▸ PROBLEM STATEMENT:
Return all the entries word for word, minus the pictures.

▸ DATA FOR ANALYSIS:

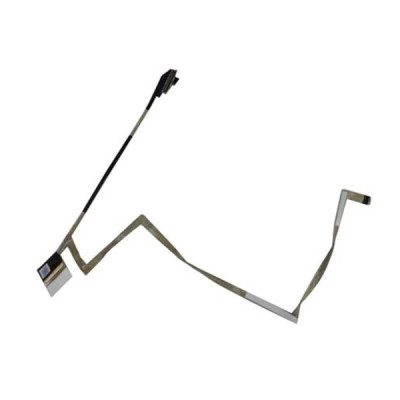 DELL E5440 VAW30 LED DC02001T900 0R7YCF LCD Cable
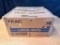 TEAC LaserMate LV-5000DS w/ Orig. Box, Unsure if NOS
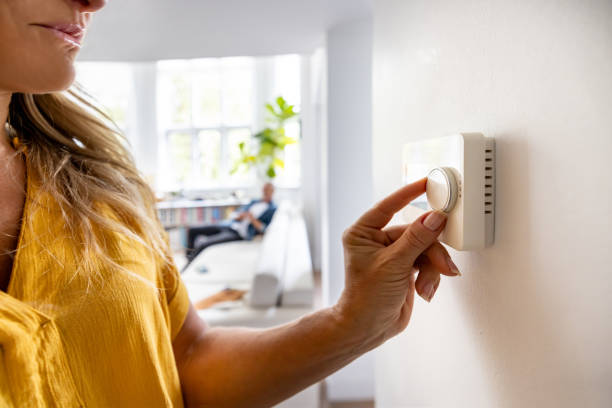 Best Affordable HVAC Services  in Glen Rock, NJ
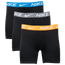 Nike Boxer Brief 3 Pack - Men's Black/Multi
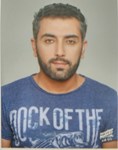 Ramazan Çelik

▸ WRITTEN ANSWER:
 DELL E5440 VAW30 LED DC02001T900 0R7YCF LCD Cable
 TEAC LaserMate LV-5000DS w/ Orig. Box, Unsure if NOS
 Best Affordable HVAC Services  in Glen Rock, NJ
 Nike Boxer Brief 3 Pack - Men's Black/Multi
 Ramazan Çelik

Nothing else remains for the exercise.